Purpose
This purpose of this paper is to report on the development of an evidence-informed framework created to facilitate the formulation of generative artificial intelligence (GenAI) academic integrity policy responses for English medium instruction (EMI) higher education, responding to both the bespoke challenges for the sector and longstanding calls to define and disseminate quality implementation good practice.
Design/methodology/approach
A virtual nominal group technique engaged experts (n = 14) in idea generation, refinement and consensus building across asynchronous and synchronous stages. The resulting qualitative and quantitative data were analysed using thematic analysis and descriptive statistics, respectively.
Findings
The GenAI Academic Integrity Policy Development Blueprint for EMI Tertiary Education is not a definitive mandate but represents a roadmap of inquiry for reflective deliberation as institutions chart their own courses in this complex terrain.
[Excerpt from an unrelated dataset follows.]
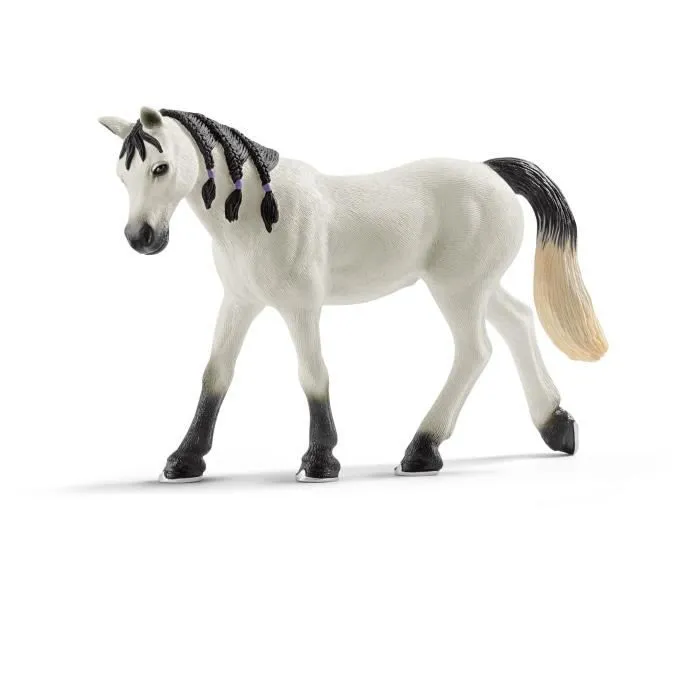 Figurine Jument arabe - SCHLEICH - Horse Club - A partir de 3 ans - Multicolore-0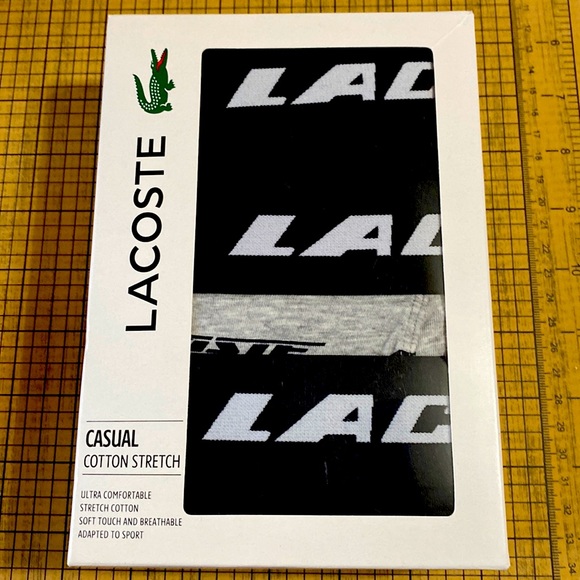 LACOSTE 🐊 Casual Boxer Briefs. - Picture 1 of 6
Research limitations/implications
If repeated with varying expert panellists, findings may vary to a certain extent; thus, further research with a wider range of stakeholders may be necessary for additional validation.
Practical implications
While grounded within the theoretical underpinnings of the field, the tool holds practical utility for stakeholders to develop bespoke policies and critically re-examine existing frameworks.
Social implications
As texts produced by students using English as an additional language are at risk of being wrongly accused of GenAI-assisted plagiarism, owing to the limited efficacy of text classifiers such as Turnitin, the policy recommendations encapsulated in the blueprint aim to reduce potential bias and unfair treatment of students.
Originality/value
The novel blueprint represents a step towards bridging concerning gaps in policy responses worldwide and aims to spark discussion and further much-needed scholarly exploration to this end.